→ **Records shown**:
☆ ☆ ☆ ☆ ☆

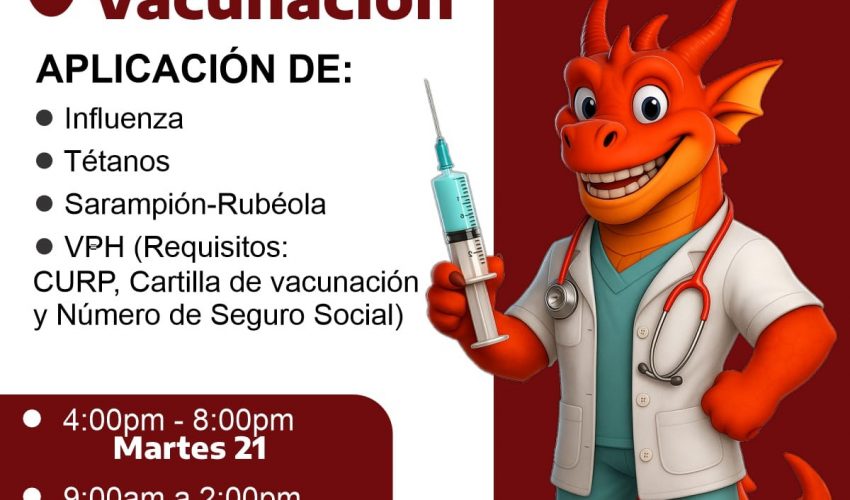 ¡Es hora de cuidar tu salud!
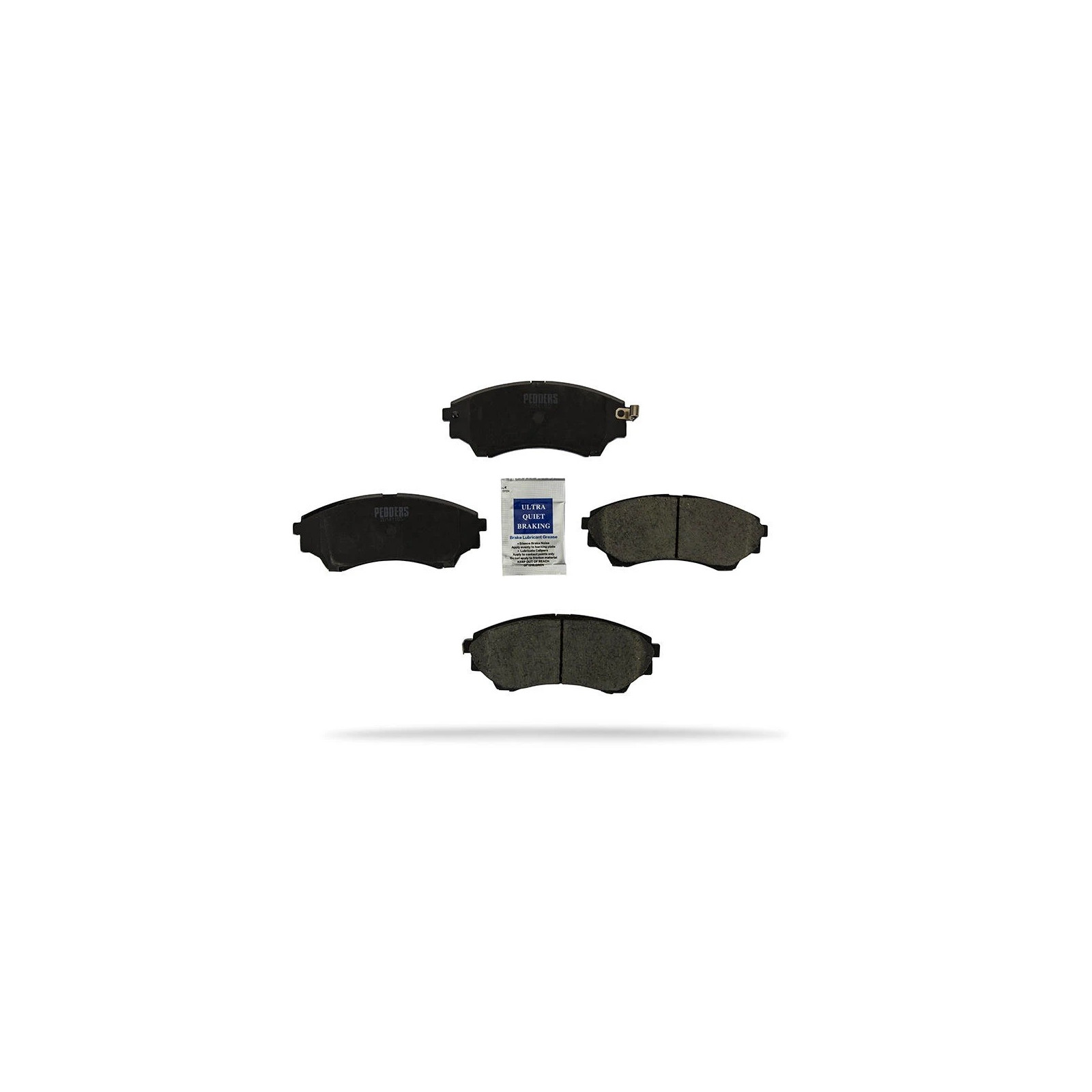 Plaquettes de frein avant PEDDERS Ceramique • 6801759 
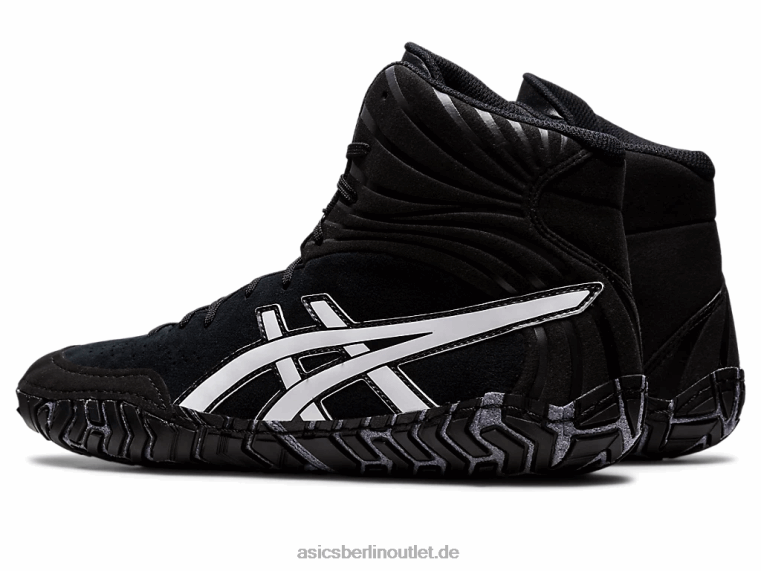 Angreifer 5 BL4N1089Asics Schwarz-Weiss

☆ ☆ ☆ ☆ ☆

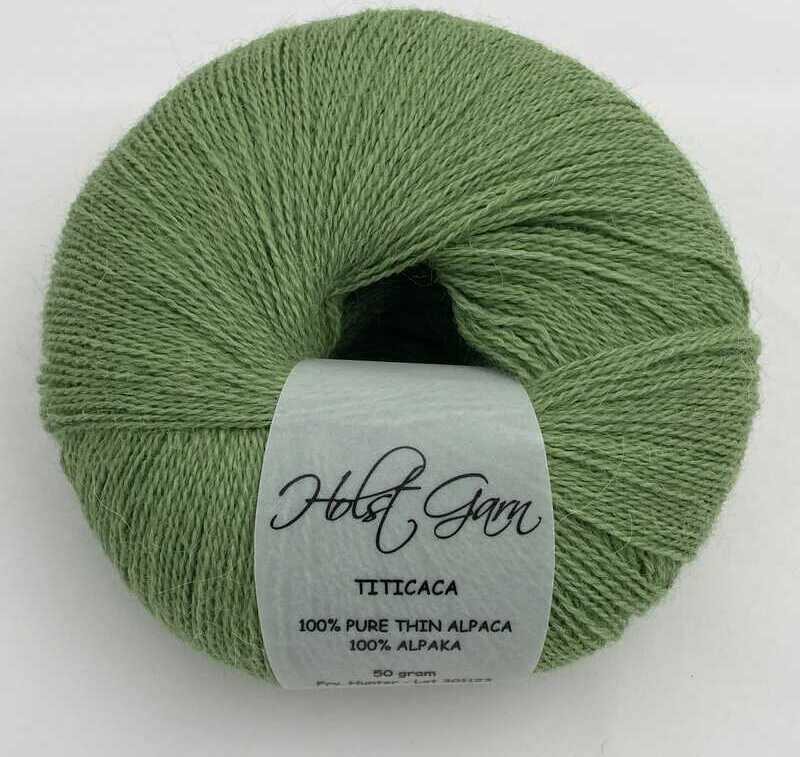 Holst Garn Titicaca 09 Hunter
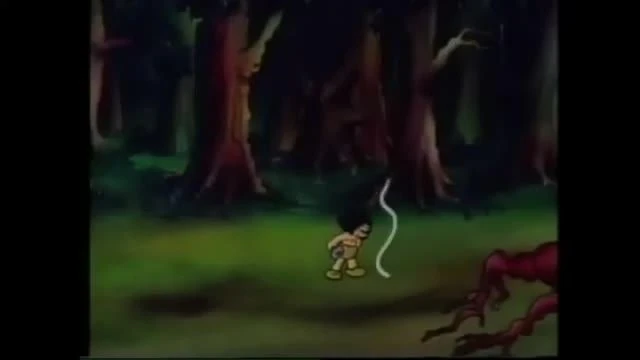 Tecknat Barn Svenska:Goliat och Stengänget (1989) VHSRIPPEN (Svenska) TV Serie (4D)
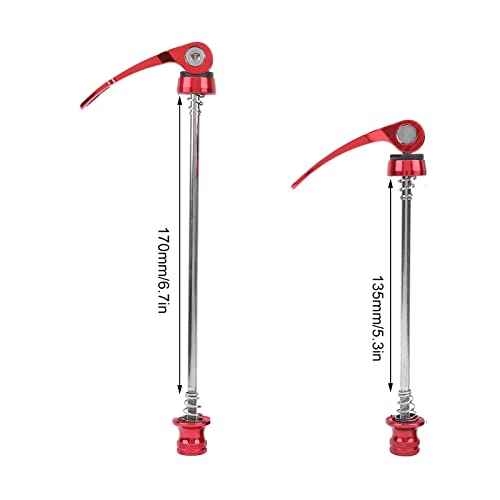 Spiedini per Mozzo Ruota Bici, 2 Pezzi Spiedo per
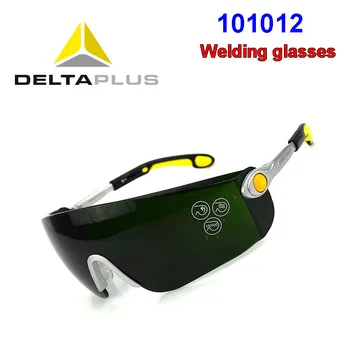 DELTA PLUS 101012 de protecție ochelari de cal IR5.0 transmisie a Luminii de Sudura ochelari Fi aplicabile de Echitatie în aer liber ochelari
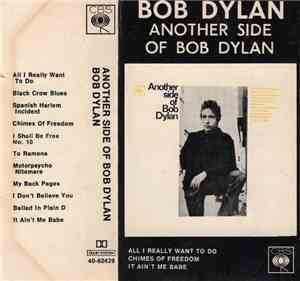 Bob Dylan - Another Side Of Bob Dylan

☆ ☆ ☆ ☆ ☆

→ **Work request**:
With the pictures left out, write out exactly the lines above from the one containing "Spiedini per Mozzo" through the one containing "Bob Dylan - Another Side Of Bob Dylan".

→ **Exercise solution**:
 Spiedini per Mozzo Ruota Bici, 2 Pezzi Spiedo per
 DELTA PLUS 101012 de protecție ochelari de cal IR5.0 transmisie a Luminii de Sudura ochelari Fi aplicabile de Echitatie în aer liber ochelari
 Bob Dylan - Another Side Of Bob Dylan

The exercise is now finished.